You are viewing a plain text version of this content. The canonical link for it is here.
Posted to commits@jackrabbit.apache.org by Apache Wiki <wi...@apache.org> on 2005/06/09 05:34:14 UTC

[Jackrabbit Wiki] Update of "PersistenceManagerFAQ" by edgarpoce

Dear Wiki user,

You have subscribed to a wiki page or wiki category on "Jackrabbit Wiki" for change notification.
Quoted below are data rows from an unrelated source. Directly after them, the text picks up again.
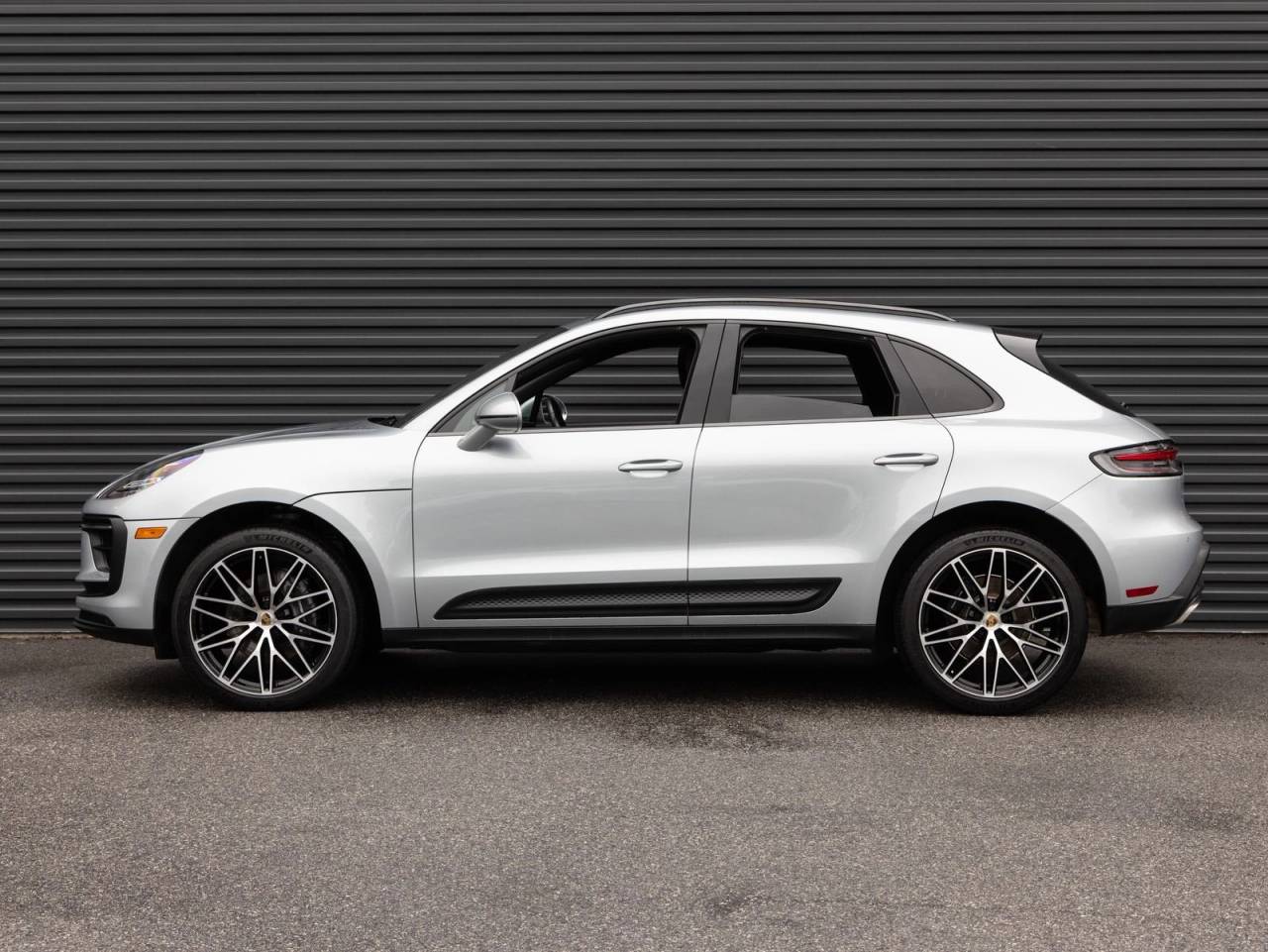 2025 Porsche Macan AWD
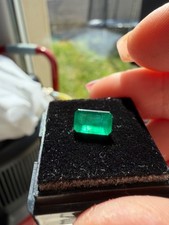 Emeraude 1,335 carat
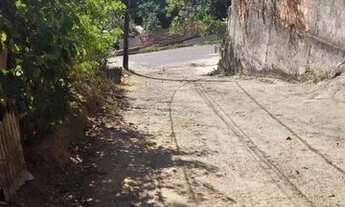 Imagem 6: Vende-se duas casas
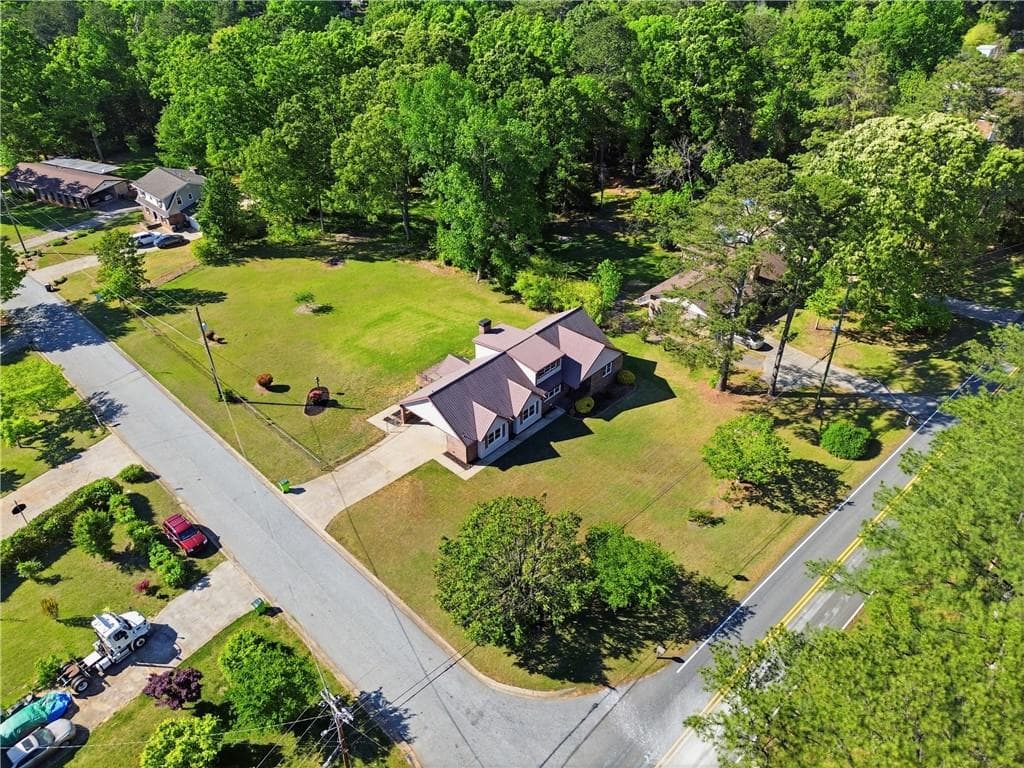 5 bedroom, 3 bathroom, 2,851 sq ft single family residence for sale at 5225 Kings Highway, Douglasville, GA 30135 — photo 3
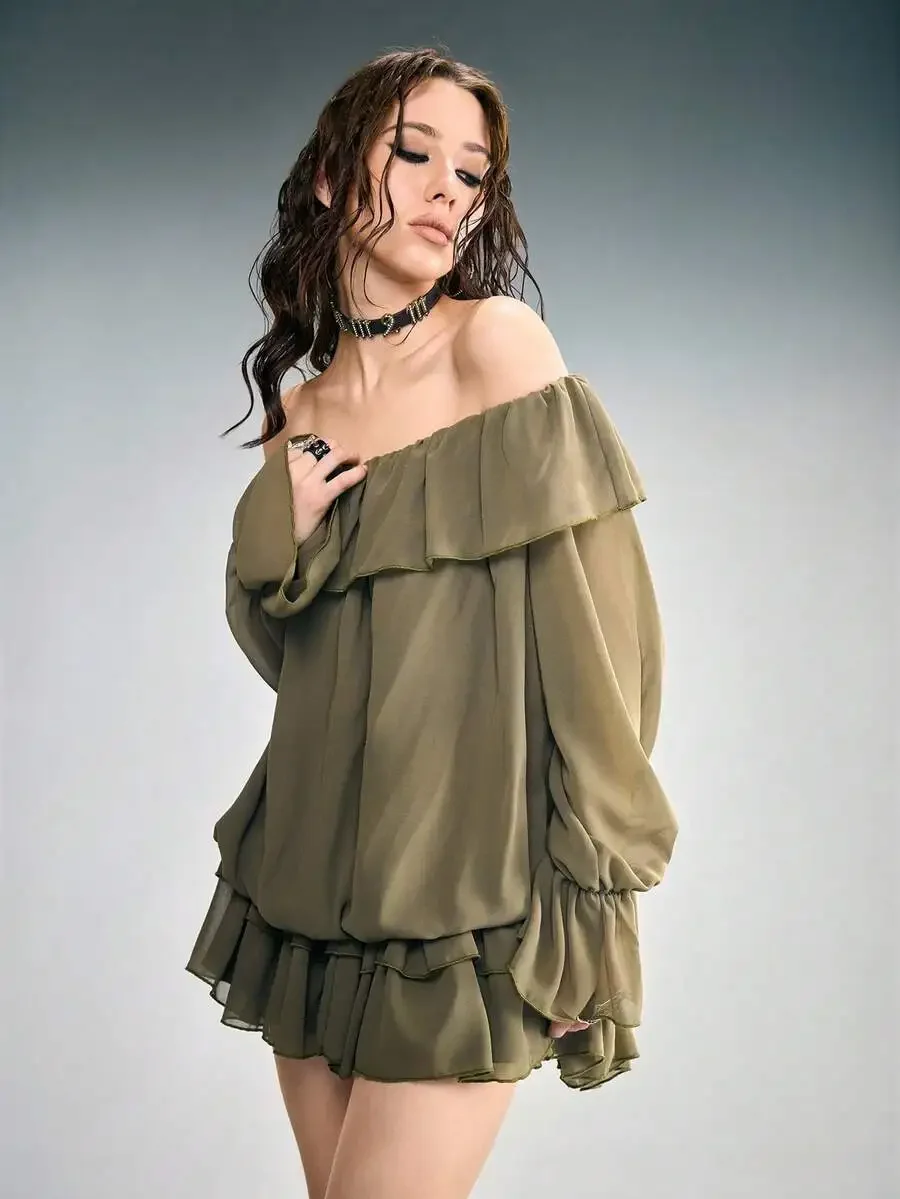 Off-Shoulder Ruffled Chiffon Mini Dress Grunge Punk Style
Off-Shoulder Ruffled Chiffon Mini Dress Grunge Punk Style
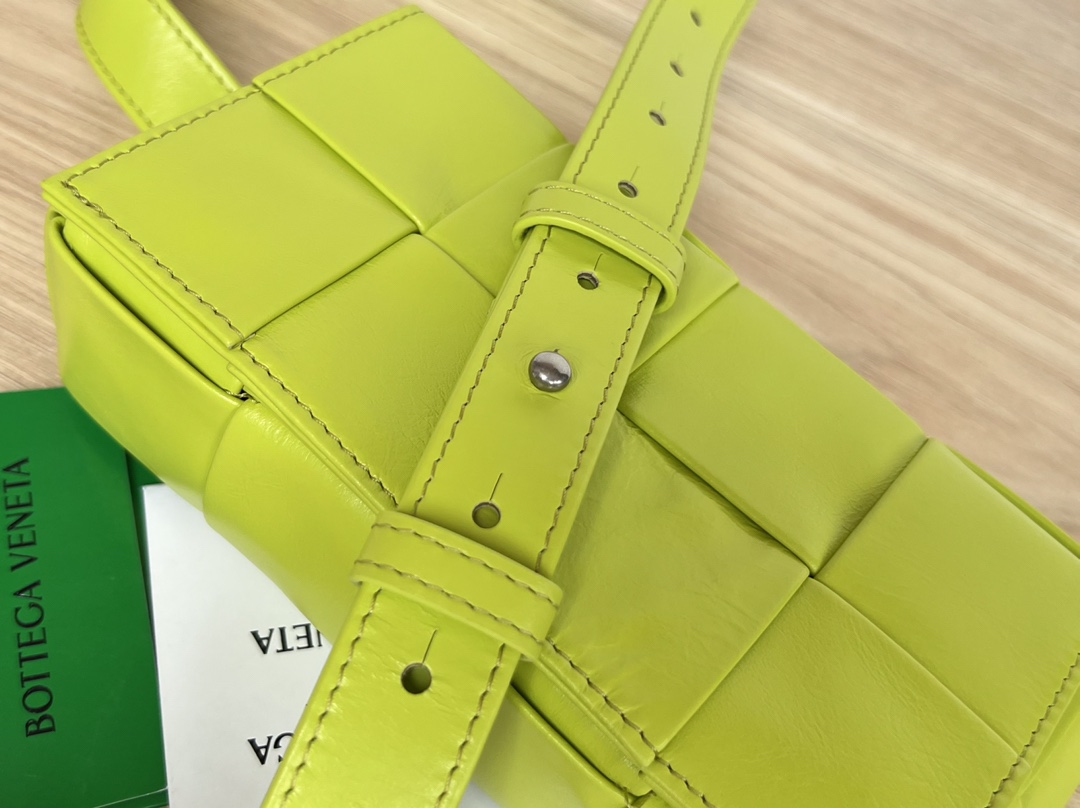 bo*te*ga Ve*ne*ta cassette waist bag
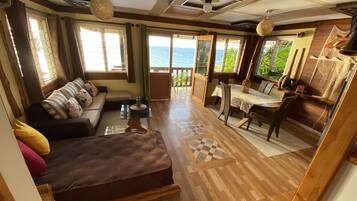 Panoramic Villa, 1 Bedroom | Living area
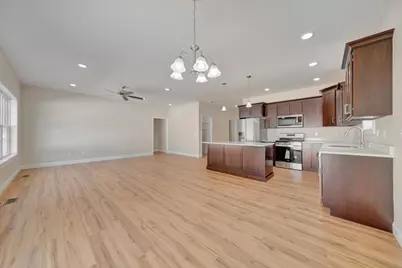 704 Justice Street, Tuscola, IL 61953 - Photo 21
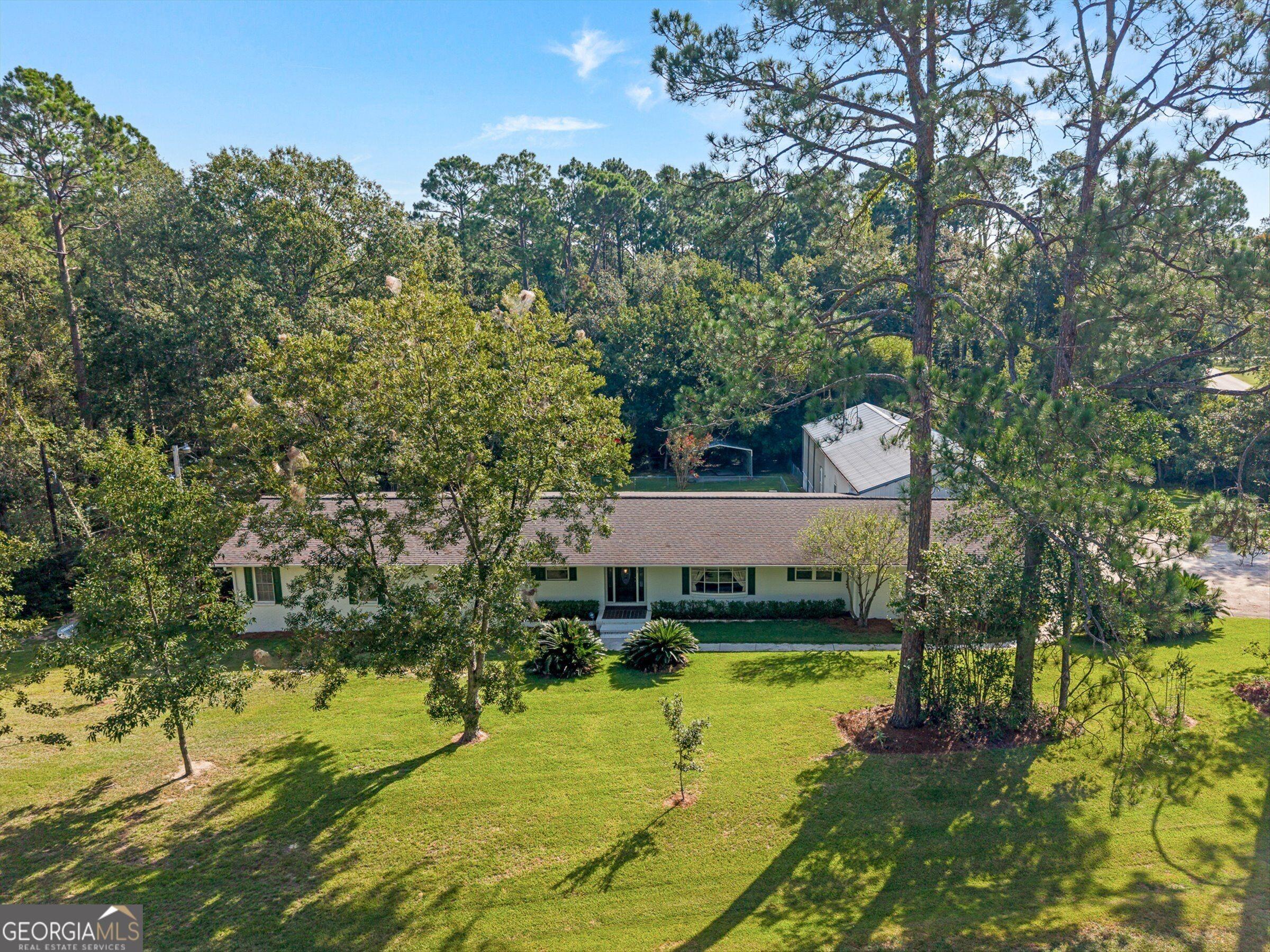 N Victory Dr, Lyons, GA 30436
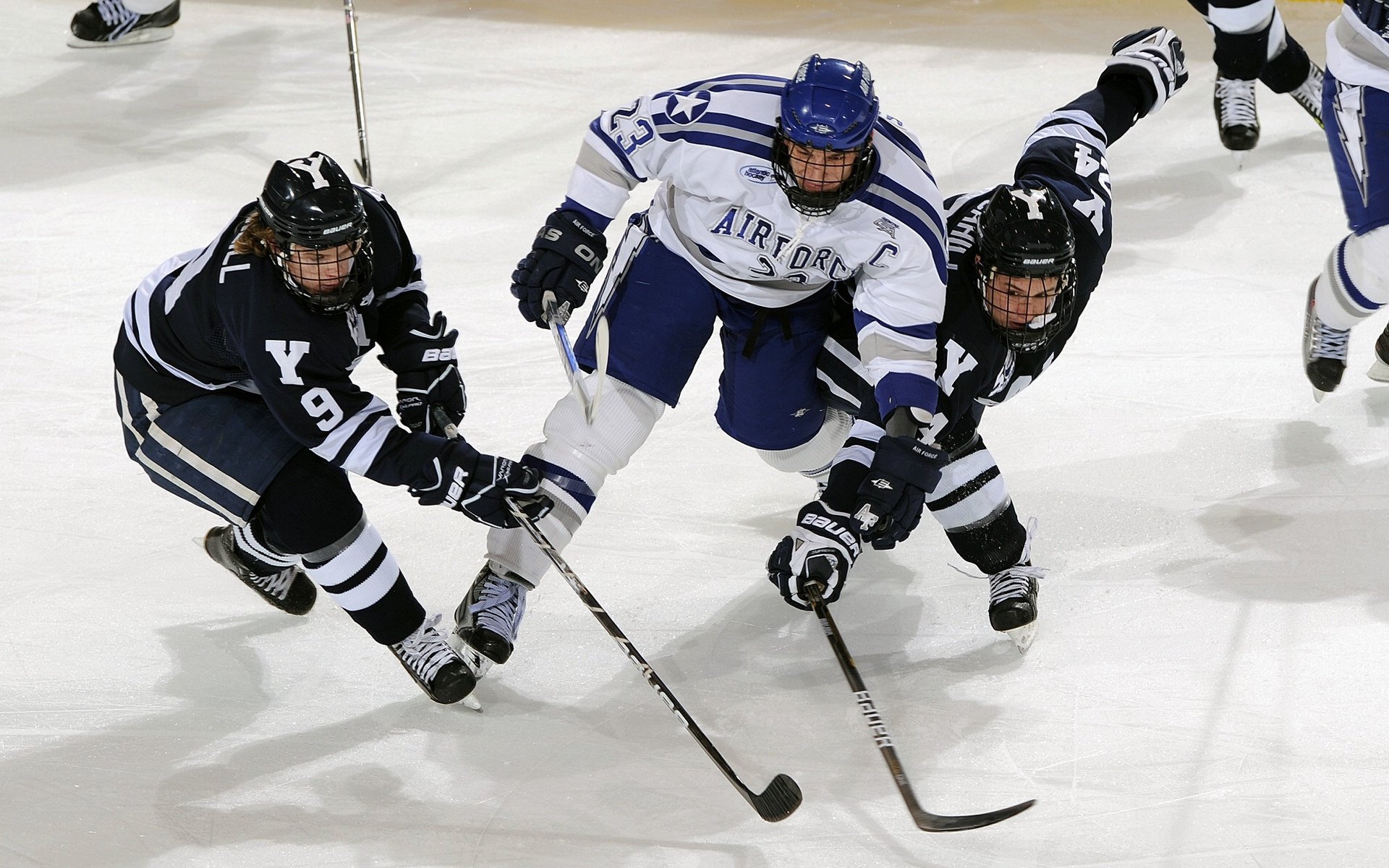 约基奇末节封神，马刺力克老鹰背后的战术博弈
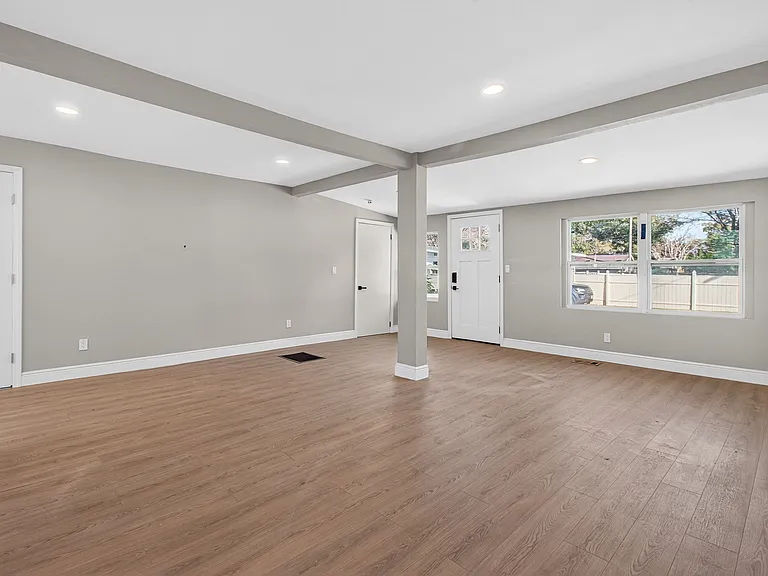 1800 27th Ave N #1/2 — Photo 7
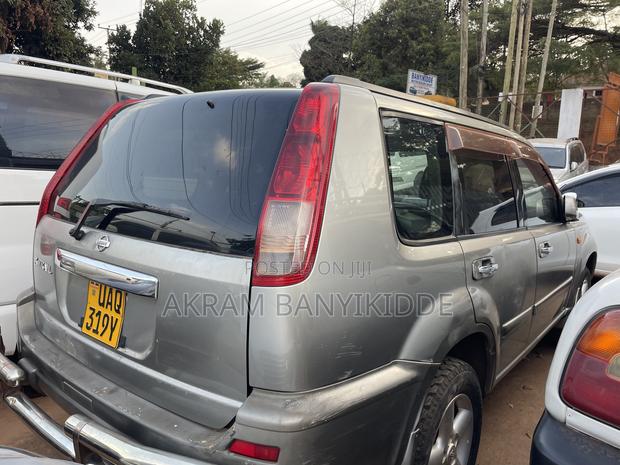 Nissan X-Trail 2006 Gold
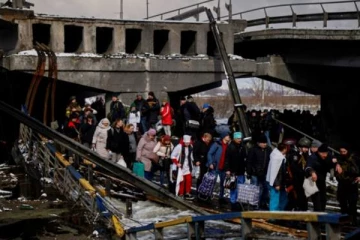 போர் சூழ்நிலையிலும் இசையை மறக்காத உக்ரைனியர்கள்! (காணொளி)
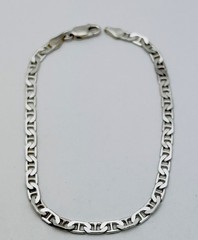 925 Italian Sterling Silver 5.5 Gram Figure 8 Link Bracelet 8”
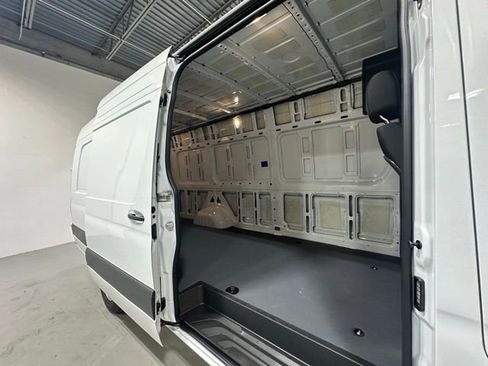 New 2025 Mercedes-Benz Sprinter 3500 image 13
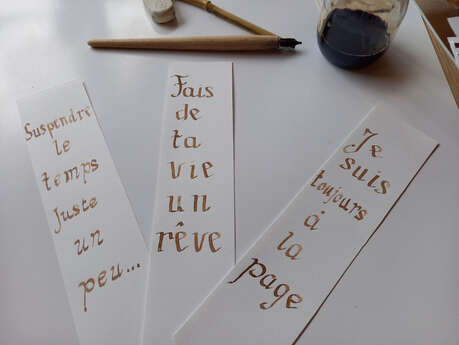 Atelier calligraphie et marque-page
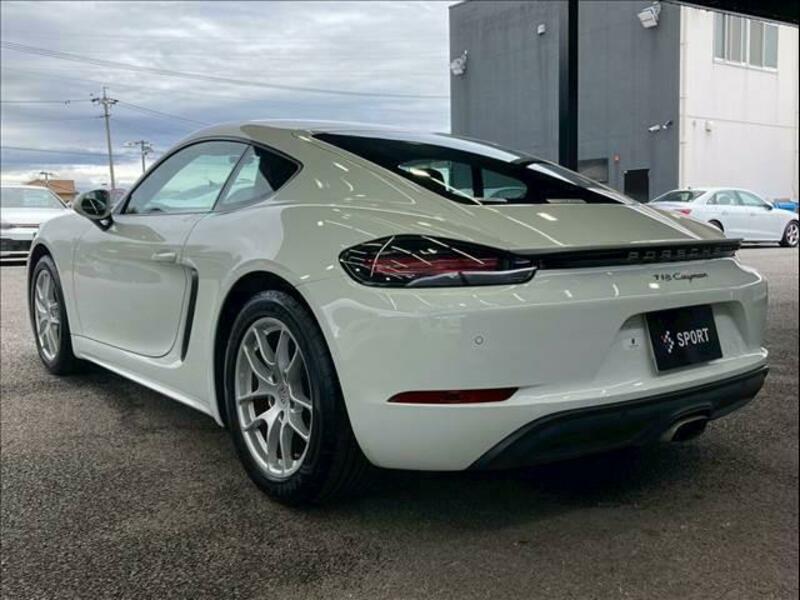 718 CAYMAN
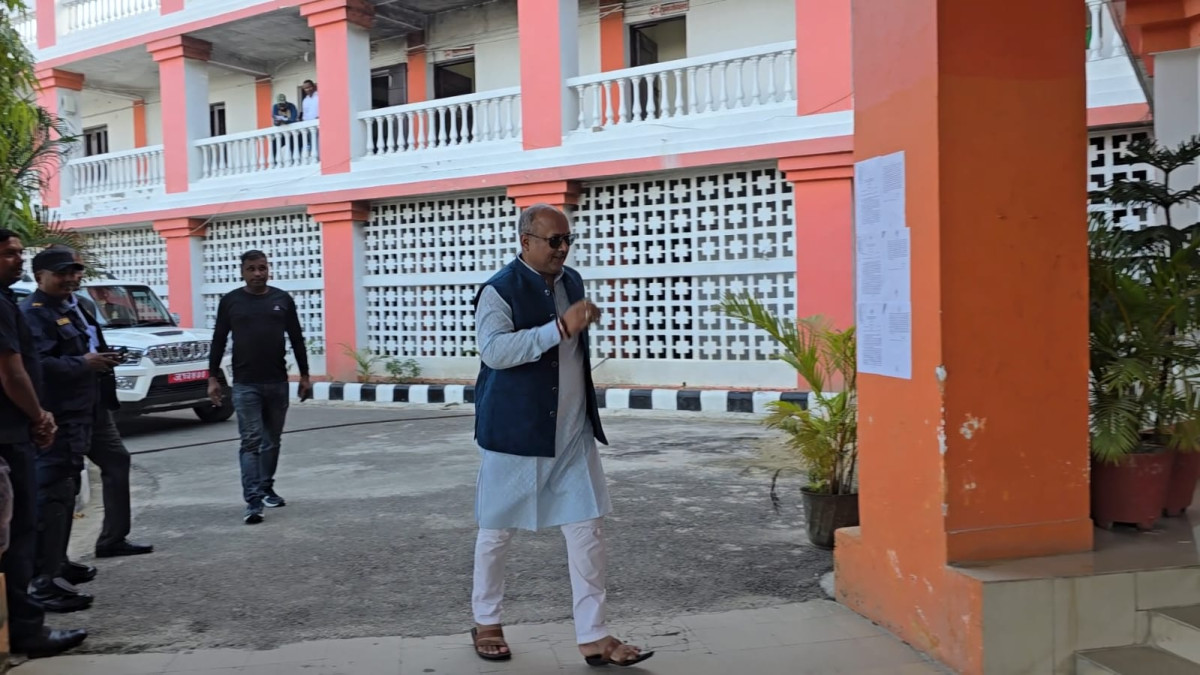 अविश्वास प्रस्तावमाथि छलफलका लागि बोलाइएको मधेस प्रदेशसभा बैठक अवरुद्ध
The following page has been changed by edgarpoce:
http://wiki.apache.org/jackrabbit/PersistenceManagerFAQ

New page:
= PersistenceManager(PM) FAQ =
The responses were mainly gathered from the jackrabbit mailing list. 

=== What's a PM? ===
The PM is an *internal* Jackrabbit component that handle the persistent storage of content nodes and properties. Each workspace of a Jackrabbit content repository uses a separate persistence manager to store the content in that workspace. Also the Jackrabbit version handler uses a separate persistence manager. The PM sits at the very bottom layer in jackrabbits system architecture. 
Reliability, integrity and performance of the PM are *crucial* to the overall stability & performance of the repository. If e.g. the data that a PM is based upon is allowed to change through external means the integrity of the repository would be at risk (think of referential integrity / node references e.g.).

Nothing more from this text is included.